A quality program should be based on a set of production standards. All of the production standards I have worked with were adapted from what was then the Northern California AIA Chapter’s Recommended Standards on Production Office Procedures created in the early 1970s. If your firm does not have its own standards, I recommend you adopt or adapt the nationally recognized NCS as your own. (If you do not agree with portions for your practice, you can always modify them.)
Once you have adopted a set of standards, you should disseminate them to your staff for everyone to follow. You should also hold training sessions with newly hired staff. Undoubtedly, there will be disagreements over certain aspects of the adopted standards. For example, I believe it is important to give the contractor some dimensional flexibility during construction by leaving open
a secondary or tertiary string of plan dimensions. You should leave out an unimportant dimension from the standpoint of design or room function. At my former firm, there was one person who argued strongly to close all dimension strings. He had encountered a situation in construction that supported his opinion.

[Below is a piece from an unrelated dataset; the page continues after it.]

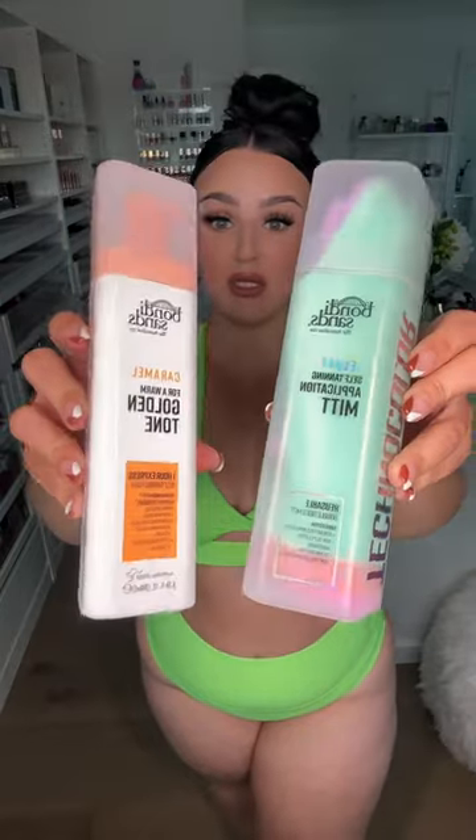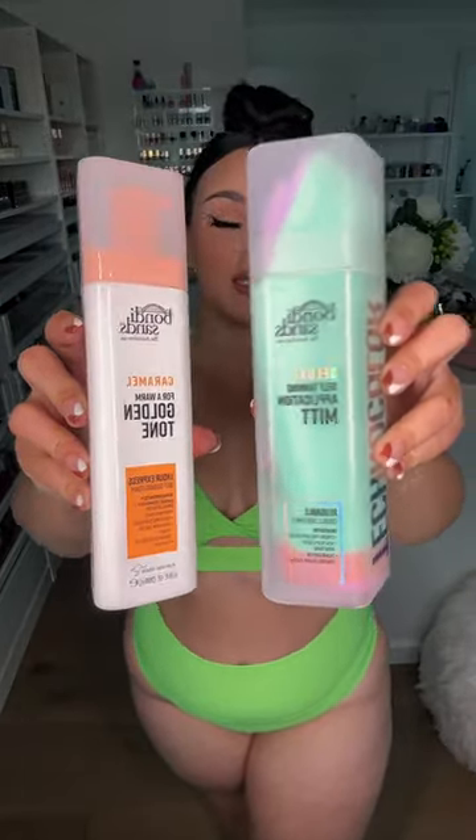I can't tell you the last time I used self-tanner, but I have an event to go to tomorrow, and I have always wanted to try this one from Bondi Sands. It's a one-hour express formula. I don't like the tanners that you have to sit in them for eight hours or sleep in them overnight. I can't do that. So I love a one-hour express.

You also need to devise a way of measuring your quality level, and to establish a goal for all projects, firm-wide. At a previous firm at which I worked, the chief contract administrator kept track of project change orders by source. With the information segregated in a spreadsheet, he was able to tally the total cost of all changes by their sources at the end of a construction project, thereby measuring the quality of the CDs. The source categories he used were:
- Owner-initiated;
- Found or unforeseen conditions (common with renovation and weather delays);
- Code-required;
- A/E-initiated;
- Omissions;
- Errors; and
- Other.
The guideline the firm used was if the total change cost of A/E-initiated, Omissions, and Errors was one percent or less of the original construction cost, then we had produced a ‘good’ set of CDs. If that combination exceeded two percent, we considered the set to be ‘inadequate.’ These three categories are controllable by the architect/engineer. As a start, I suggest you could analyze a number of your recent projects to measure how well you have done against this guideline. You could then determine, based on your practice and your experience (and the number of return clients), whether you want to adjust this goal.